Mardi 10 Novembre : Pharmacie

Ce lundi apporta une grande nouvelle : un grand pharmacien avait enfin élaboré une potion protectrice contre le Grand Mal, potion dont le succès paraissait assuré dans une grande majorité de cas. Certes, on mesurait encore mal si cette protection tiendrait dans le temps. Cependant, tous les pays semblaient prêts à tenir le pari et en réservaient déjà de fabuleuses quantités.
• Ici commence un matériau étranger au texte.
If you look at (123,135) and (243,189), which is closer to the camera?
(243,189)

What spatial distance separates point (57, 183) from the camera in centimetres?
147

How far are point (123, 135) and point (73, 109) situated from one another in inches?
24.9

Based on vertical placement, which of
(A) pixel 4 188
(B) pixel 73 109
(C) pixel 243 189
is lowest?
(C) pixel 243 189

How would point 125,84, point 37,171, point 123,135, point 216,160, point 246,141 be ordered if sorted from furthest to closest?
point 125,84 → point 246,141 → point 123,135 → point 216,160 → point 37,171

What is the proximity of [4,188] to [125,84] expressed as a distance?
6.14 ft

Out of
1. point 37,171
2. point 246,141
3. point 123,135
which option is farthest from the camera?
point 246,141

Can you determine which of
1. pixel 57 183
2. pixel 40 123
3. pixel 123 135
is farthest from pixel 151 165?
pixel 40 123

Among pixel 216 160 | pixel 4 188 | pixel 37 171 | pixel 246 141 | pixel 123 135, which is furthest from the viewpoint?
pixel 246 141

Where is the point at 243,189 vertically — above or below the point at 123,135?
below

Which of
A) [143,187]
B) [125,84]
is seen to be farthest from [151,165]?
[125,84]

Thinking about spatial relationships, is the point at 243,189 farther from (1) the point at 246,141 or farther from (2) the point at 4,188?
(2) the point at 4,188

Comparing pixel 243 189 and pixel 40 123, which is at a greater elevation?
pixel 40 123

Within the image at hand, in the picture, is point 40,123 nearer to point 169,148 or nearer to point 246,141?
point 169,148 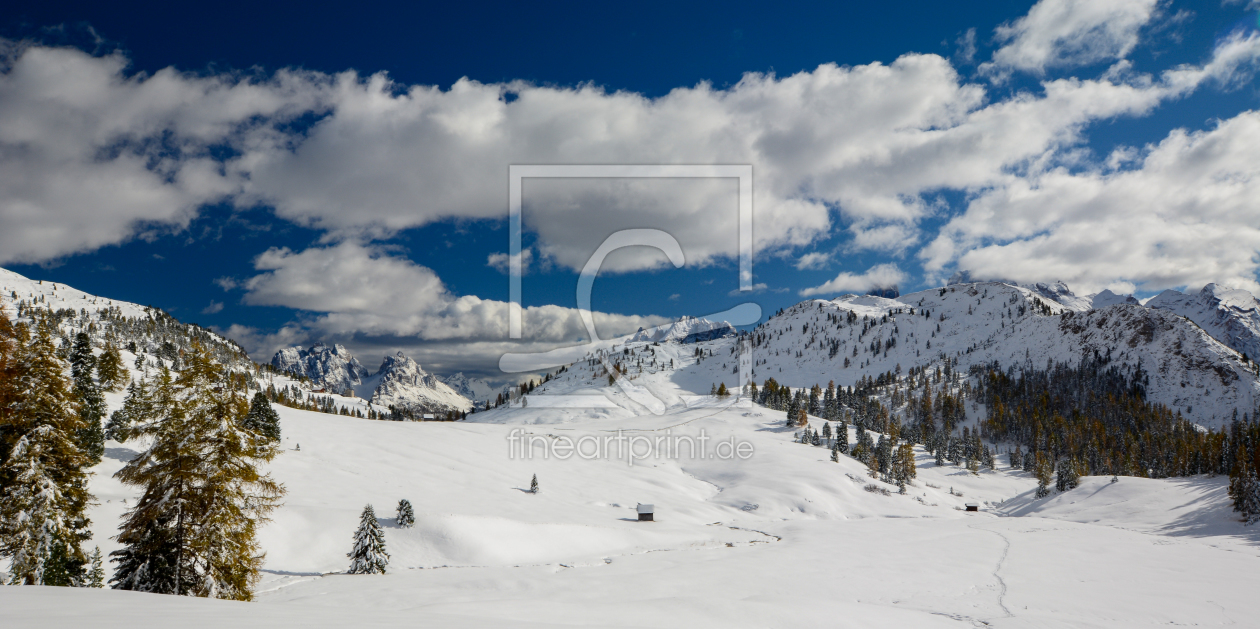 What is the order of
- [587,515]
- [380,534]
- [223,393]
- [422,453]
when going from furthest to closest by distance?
1. [422,453]
2. [587,515]
3. [380,534]
4. [223,393]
L’affaire fit la fortune des gens de commerces, grands parieurs, qui s’engagèrent lourdement en faveur de l’heureux pharmacien, certains qu’ils étaient que ce dernier, vendant sa potion à la planète entière, en tirerait plus d’argent et d’or que naguère Crésus lui-même.

 

Le peuple fut plus réservé, chacun comprenant qu’il faudrait des mois et des mois avant que la potion ne soit distillée et lui arrive enfin. La chose mènerait sans doute, si tout allait bien, à l’été prochain, et sans doute pour une partie seulement des sujets. De très longs mois de restrictions, enfermement et pénuries s’annonçaient encore, sans compter que la bête, changeante et vicieuse, pouvait encore nous jouer quelques sinistres farces.

 

Pour l’heure, le second assaut du mal semblait faiblir aux yeux de quelques savants médecins, qui en avaient fait état. L’officiel savant de Cour se fit voir au côté du Médecin du Roi et dit qu’il n’en était rien et que le diable était encore devant nous. On mit en avant quelques mauvais chiffres : l’affaire fut dite et chacun se remis aux ordres.

 

Pour le reste, les maîtres d’écoles se démenaient pour tenir les petits masqués, cois et tranquilles pour tenter de tous les enseigner, dans des locaux étroits, et sans qu’ils s’y contaminent. On renâclait en tous lieux contre des mesures souvent peu cohérentes, masques pour les bambins ou trop courte laisse pour les sportifs campagnards. En haut lieu, on se croyait autorisé à tout faire, protégé par les mesures d’exception que l’on avait fini par faire enregistrer au Parlement et allant jusqu’au printemps prochain. Mais le bon peuple savait que si l’on pouvait tout faire contre le mal, on ne devait pas faire n’importe quoi. Il rongeait son frein et cultivait sa rancœur.

 

 

 

Outre Atlantique, Le Roi président se vit déchu, mais il tenta encore de faire croire que l’affaire n’était pas encore jugée et il contestait sa défaite. Il faisait appel à ses partisans, aux juristes réputés, mais il se trouvait de plus en plus seul, son bête entêtement ne pouvant que causer tort à son pays et nuire à ses financiers. Ailleurs, on regardait cela comme on va au théâtre. Il est vrai qu’avec l’ancien, on avait tenu là un fabuleux comique.